Andrei Kirilenko, Director of the Centre for Global Finance and Technology, Imperial College Business School

Since the global financial crisis of 2008 there has been some serious soul searching within the world of financial academia because barely anyone sounded the alarm. There was an enormous looming crisis but how many academics came out and said this was about to happen? About two. In the wake of the worst recession on record, academics are thinking differently about the market and so too are the finance industry and its regulators.

Policy makers have flooded financial markets with liquidity so institutions could survive and have brought interest rates down to zero or even negative levels in some cases. It has helped the industry to survive but now everyone is trying to figure out how to make money in a market increasingly beset with evermore costly regulation.

Financial chief executives considering what to do are increasingly looking to cut costs and increase efficiencies through further technological innovation. It is necessary in an industry where costs can remain stubbornly constant. A recent study shows that the cost of creating and maintaining one dollar of an intermediated financial asset over 130 years is consistently about two cents. We know the financial services sector is a consummate user of various types of computer and telecommunications technology and we know the sector attracts high calibre people - so why is this cost not coming down? Perhaps because the public is getting more benefits per unit cost from the financial services industry than before, but neither the public nor the academics think so.

For profitability to improve there needs to be a fundamental change within technology and automation within financial services. A paradigm shift akin to the evolution of the scanner which allowed visual images of documents to be shared costlessly across a network. And it is coming – crypotechnologies is a major IT innovation and catalyst for change and the finance industry has taken note.

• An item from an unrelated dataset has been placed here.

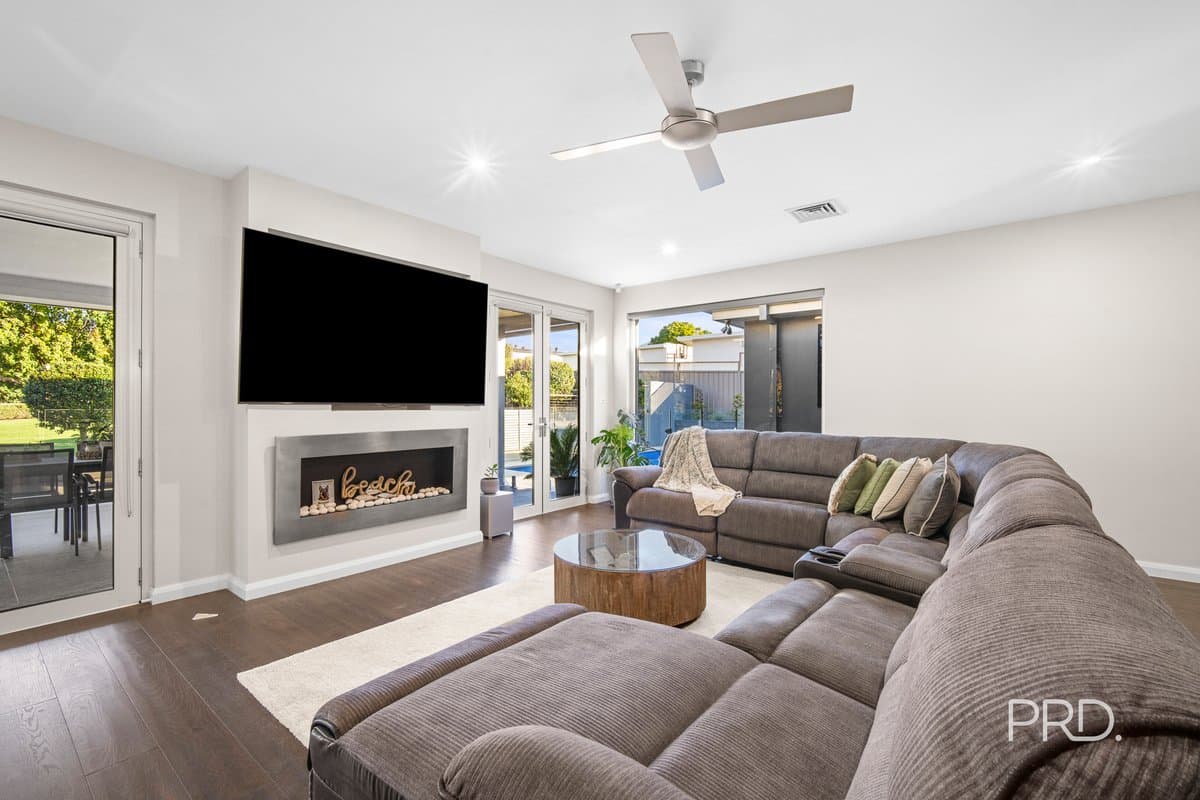 29 Plunkett Drive, LAKE ALBERT NSW 2650, Lake Albert - Thumbnail 6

Crypotechnologies – or distributed consensus ledgers known as 'blockchains' - can improve the efficiency of the whole system and processes around transactions while reducing costs. It is easy to use, very open and there are no licences or entry barriers. A number of very large industry players have entered into this space and there are a host of research and development consortia, accelerators, and venture capitalists looking to invest in a development which is at the intersection of technology, communications and the financial services.

However, it won’t be plain sailing. Distributed technology is horizontal and open but the problem is that most financial services firms are organised into vertical silos. Introducing cryptotechnologies across the board would involve convincing various people up and down the various divisions that they have to adopt this new technology in a potentially arduous task.

But this is where the opportunity for start-ups arises as such ventures can decide to focus on just one slice of a financial services business. For example, a start-up could manage only certain types of payments or focus on the storage and protection of customers’ digital identities. There is a growing view that banks, which have invested very heavily into security, could increasingly seek to leverage those capabilities and store peoples’ identities for use in authorised transactions.

Regulators are taking notice of this emerging distributed ledger technology with the US Securities and Exchange Commission considering whether to regulate it under rules that already exist for 'Transfer Agents'. Even though Blockchain technology is nothing like a transfer agent – which charges a fee for money or assets changing hands - this is where the US regulatory viewpoint is at present.

From a legal perspective it is a very interesting time to start considering how these digital ledgers are going to be regulated, particularly as people are quite enamoured with the idea that the pendulum has shifted in the direction of cryptography. The view is that if computer science can do a better job than humans, who have to be incentivised every step of the way, then why not use it.